Items listed in a dataset:
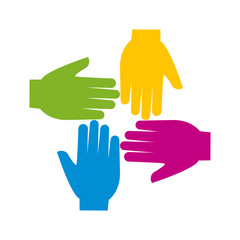 Icono plano cuatro manos varios colores en fondo blanco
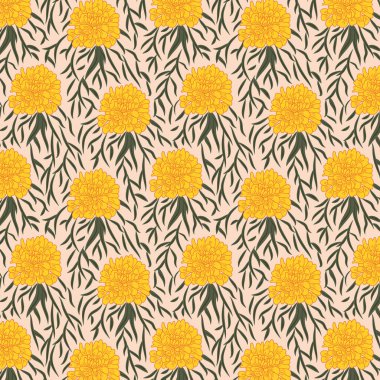 Bahar çiçekleri dikişsiz vektör deseni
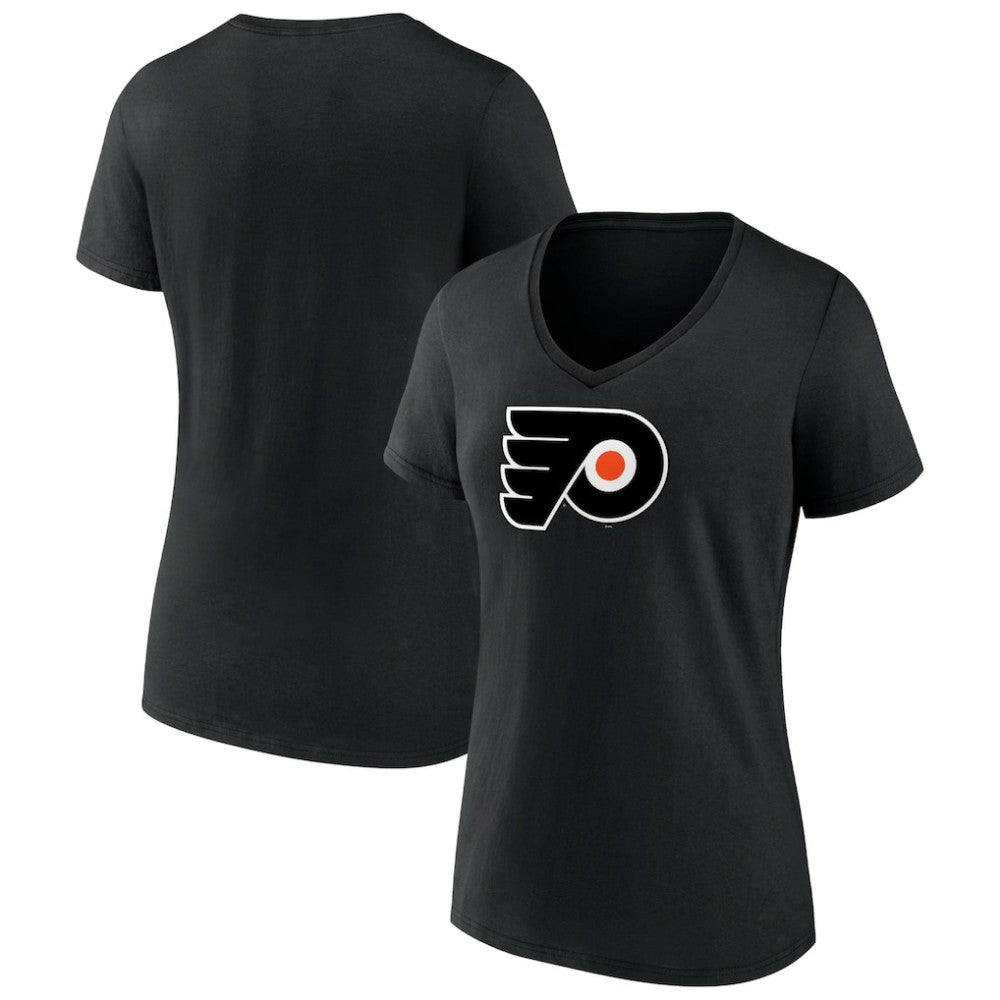 Philadelphia Flyers Women's Alternate Logo V-Neck T-Shirt Black
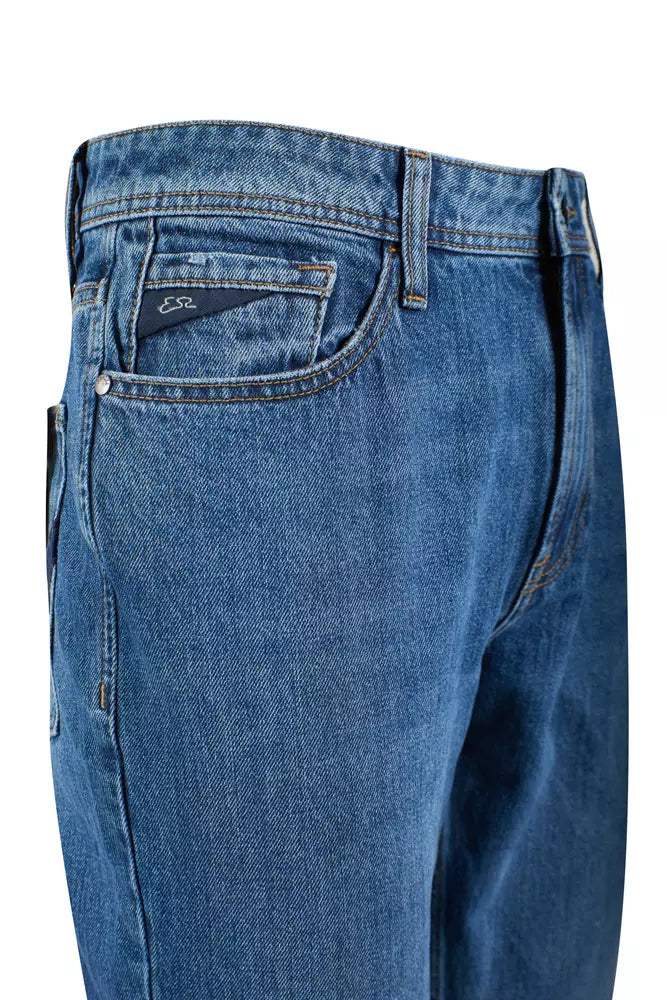 Yes Zee Blaue Baumwolle Herrenjeans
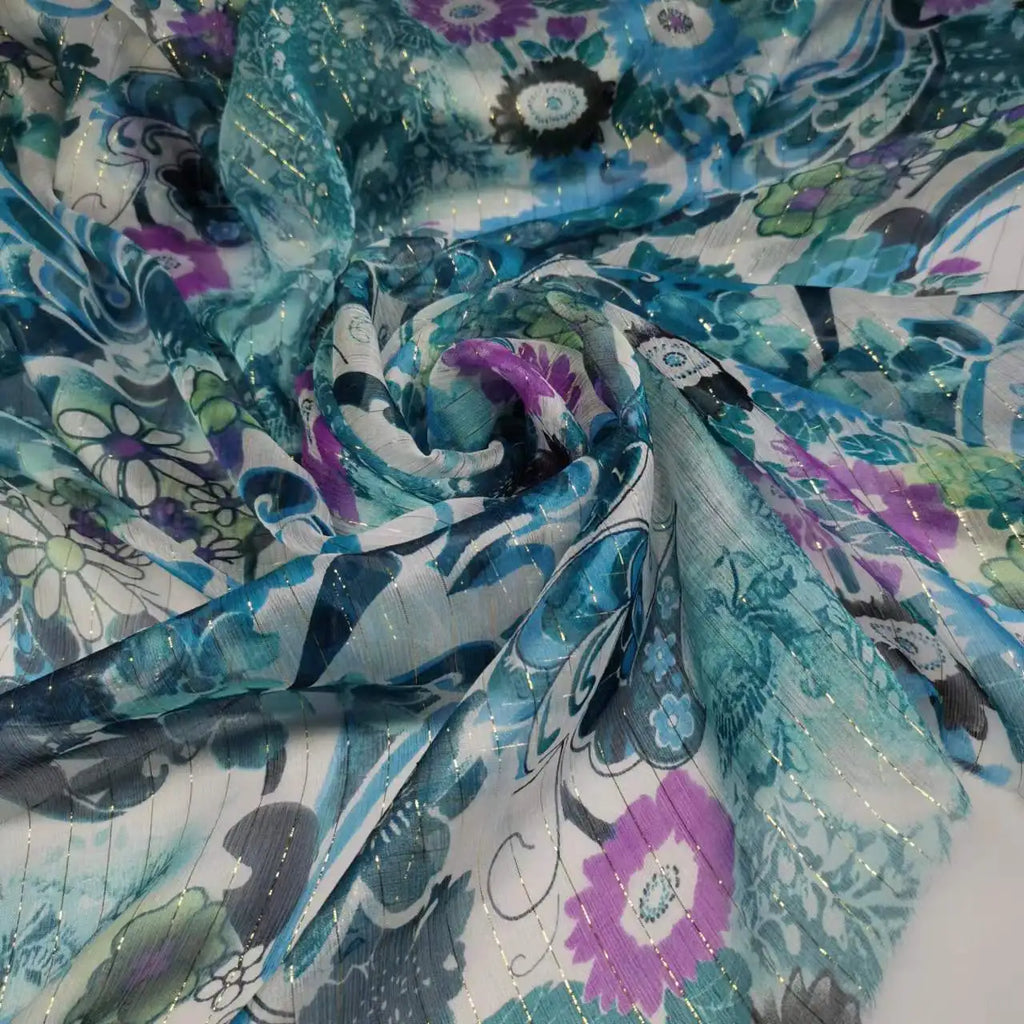 Floral Print Silk-Cotton Blend Fabric – 135cm Wide, 9-10mm | Dresses, Blouses & Luxury DIY Sewing
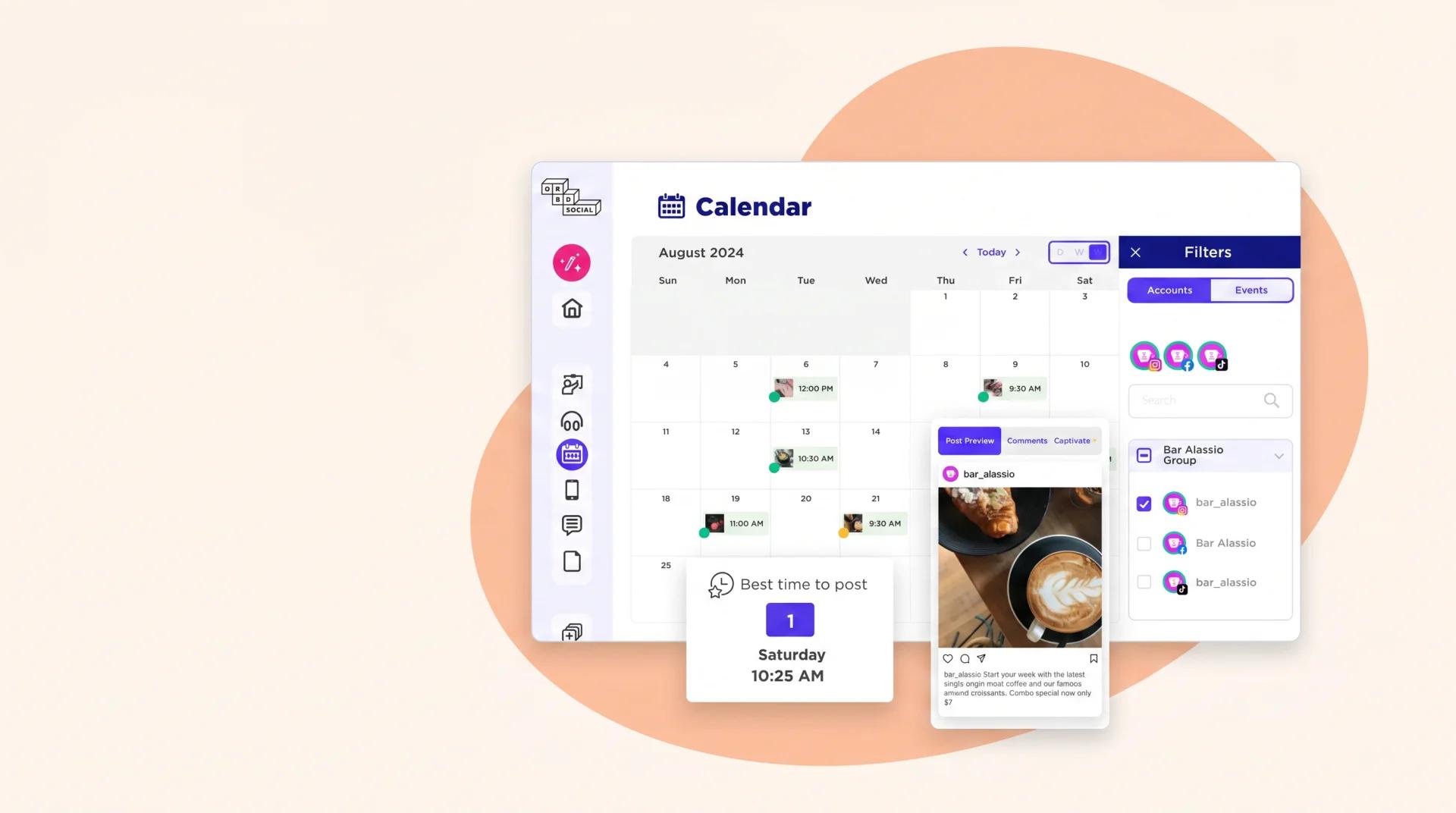 Sked content calendar, Sprout Social alternative.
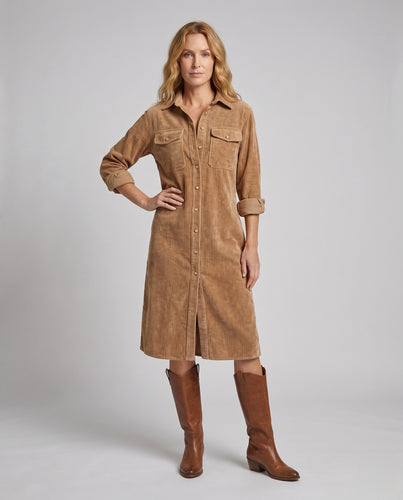 Damen Cordhemdkleid mit seitlichen Schlitzen und Taschen EB
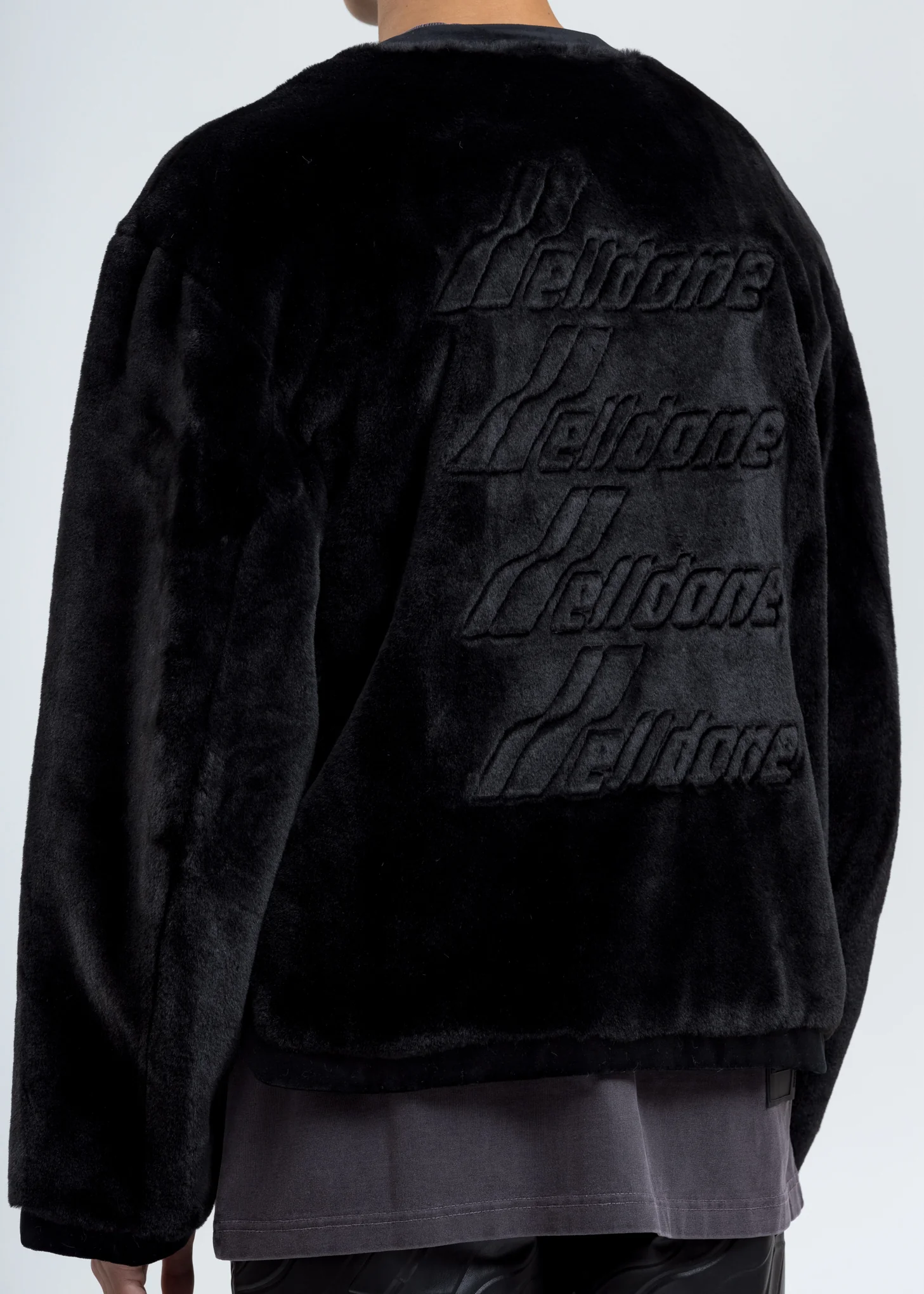 Black Faux Fur Round Neck Jacket - Image 2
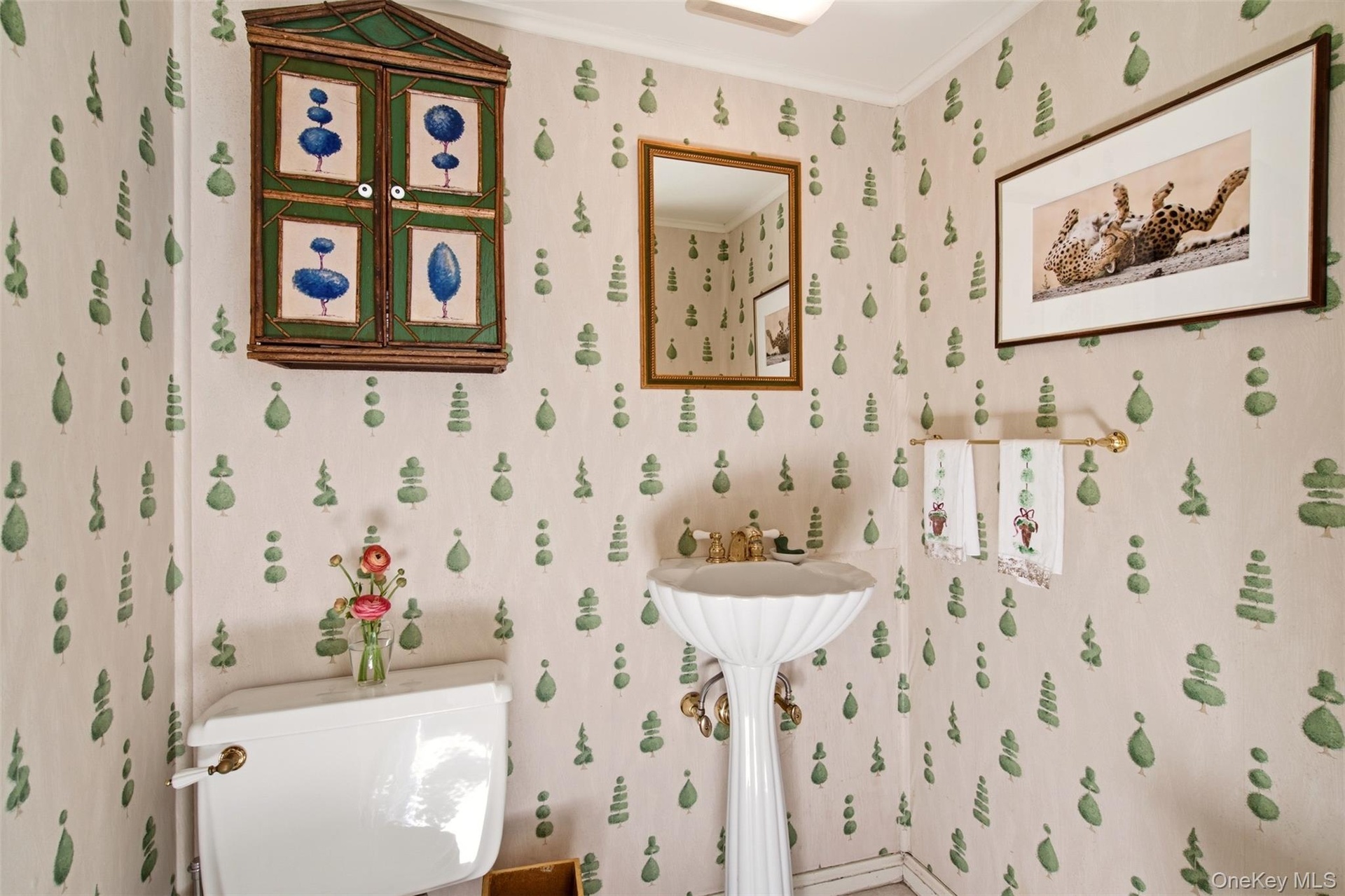 Powder room located off of front entry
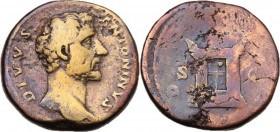 Divus Antoninus Pius (died 161 AD). AE Sestertius. Consecration issue. Struck under Marcus Aurelius and Lucius Verus, 162 AD. Obv. Bare head right. Re...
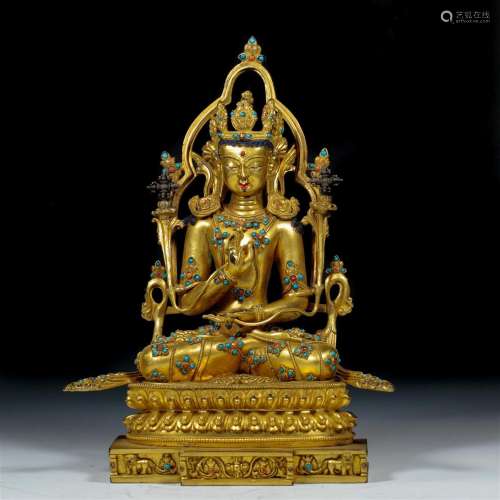 A Tibetan Bronze-gilt Manjusri Qing Dyn.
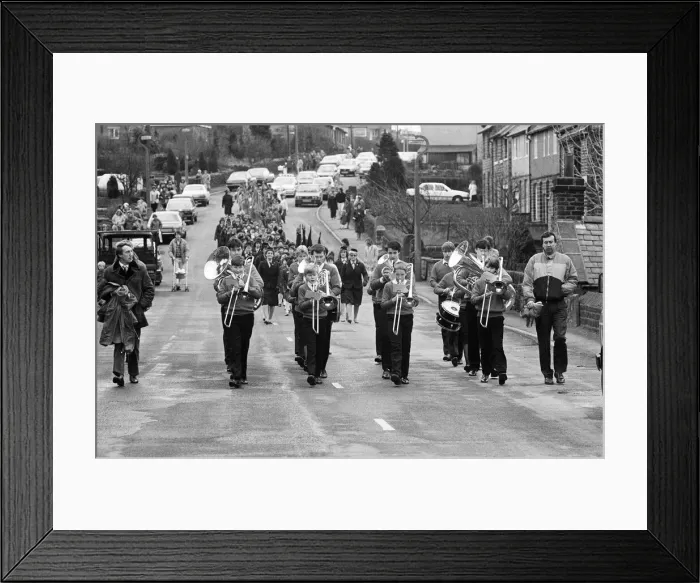 Framed Print : On parade in the Colne Valley were 200 Guides and Brownies who marched to a Thinking Day Framed Print : On parade in the Colne Valley were 200 Guides and Brownies who marched to a Thinking Day
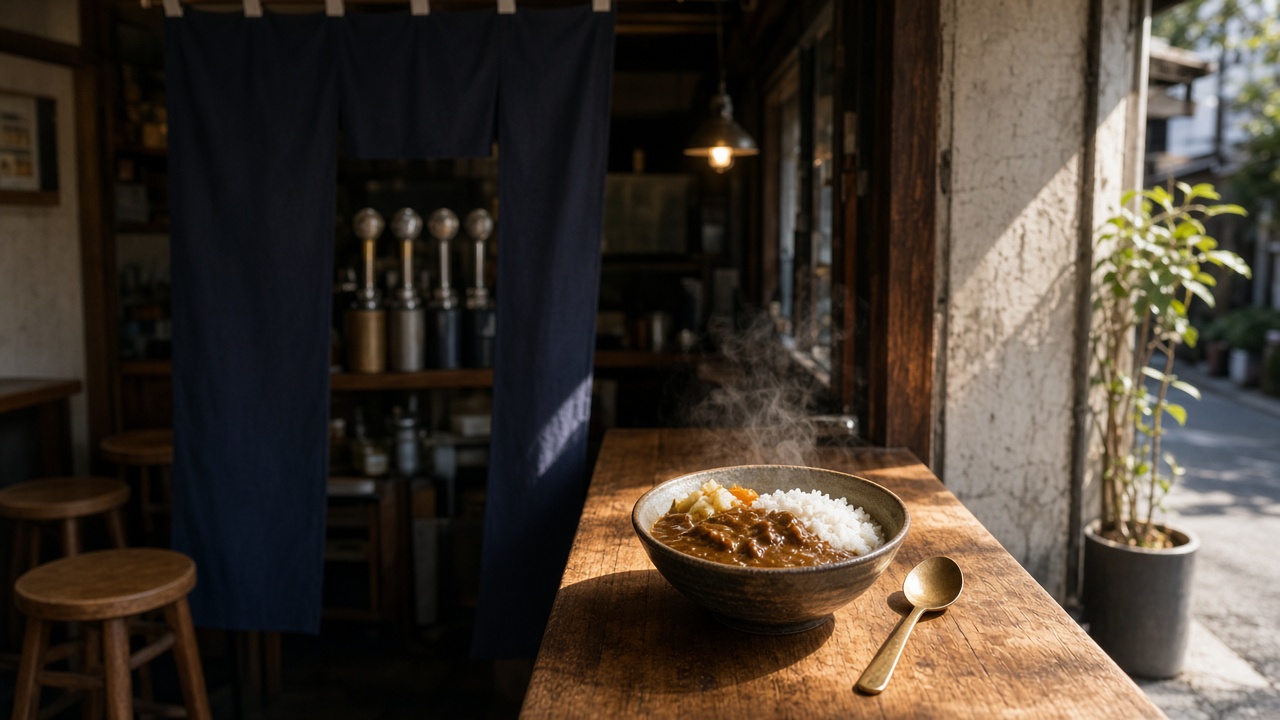 昼間の路地裏の小さな店で、スパイスカレーがカウンターに置かれているイメージ写真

* _Brief_: Write out the records above exactly. Pictures do not belong in the copy.

* _Finished task_:
 Icono plano cuatro manos varios colores en fondo blanco
 Bahar çiçekleri dikişsiz vektör deseni
 Philadelphia Flyers Women's Alternate Logo V-Neck T-Shirt Black
 Yes Zee Blaue Baumwolle Herrenjeans
 Floral Print Silk-Cotton Blend Fabric – 135cm Wide, 9-10mm | Dresses, Blouses & Luxury DIY Sewing
 Sked content calendar, Sprout Social alternative.
 Damen Cordhemdkleid mit seitlichen Schlitzen und Taschen EB
 Black Faux Fur Round Neck Jacket - Image 2
 Powder room located off of front entry
 Divus Antoninus Pius (died 161 AD). AE Sestertius. Consecration issue. Struck under Marcus Aurelius and Lucius Verus, 162 AD. Obv. Bare head right. Re...
 A Tibetan Bronze-gilt Manjusri Qing Dyn.
 Framed Print : On parade in the Colne Valley were 200 Guides and Brownies who marched to a Thinking Day Framed Print : On parade in the Colne Valley were 200 Guides and Brownies who marched to a Thinking Day
 昼間の路地裏の小さな店で、スパイスカレーがカウンターに置かれているイメージ写真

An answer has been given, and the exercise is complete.